How to Do Web Scraping in Java - Smart CAPTCHA Automation for Web Scraping

Java isn’t the first language most engineers think of for scraping, but it’s a solid choice: mature HTTP clients, robust HTML parsers, excellent concurrency, and enterprise-grade tooling. With Java 17+ you get modern APIs, better performance, and a thriving ecosystem that makes crawling, parsing, and exporting data straightforward—even for large jobs.

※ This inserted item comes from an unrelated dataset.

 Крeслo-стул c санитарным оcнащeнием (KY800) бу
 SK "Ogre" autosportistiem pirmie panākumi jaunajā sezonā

Picking the Right Tool for the Job

For static HTML, Jsoup is the workhorse: it fetches pages and exposes a jQuery-like selector API for parsing. When you need headless browsing because content is rendered by JavaScript, Selenium WebDriver (with Chrome/Firefox in headless mode) steps in. For high-volume crawling with retries, backoff, and connection pools, Apache HttpClient or OkHttp give you low-level control. And for JSON APIs that sit behind the page, Jackson cleanly maps responses into POJOs.

Fast Path: Static Pages with Jsoup

Add the dependency (Maven):

<dependency>
  <groupId>org.jsoup</groupId>
  <artifactId>jsoup</artifactId>
  <version>1.17.2</version>
</dependency>

Fetch and parse:

import org.jsoup.Jsoup;
import org.jsoup.nodes.Document;
import org.jsoup.nodes.Element;

public class JsoupExample {
  public static void main(String[] args) throws Exception {
    Document doc = Jsoup
        .connect("https://example.com/products?page=1")
        .userAgent("Mozilla/5.0 (compatible; JavaScraper/1.0)")
        .timeout(10_000)
        .get();

    for (Element card : doc.select(".product-card")) {
      String title = card.select(".title").text();
      String price = card.select(".price").text();
      String url   = card.select("a").attr("abs:href");
      System.out.printf("%s | %s | %s%n", title, price, url);
    }
  }
}

Two details matter: set a realistic User-Agent and use abs:href so relative links are resolved automatically. Pagination is simply another request with the next page URL. Throttle requests (e.g., Thread.sleep(500)) to avoid hammering a site.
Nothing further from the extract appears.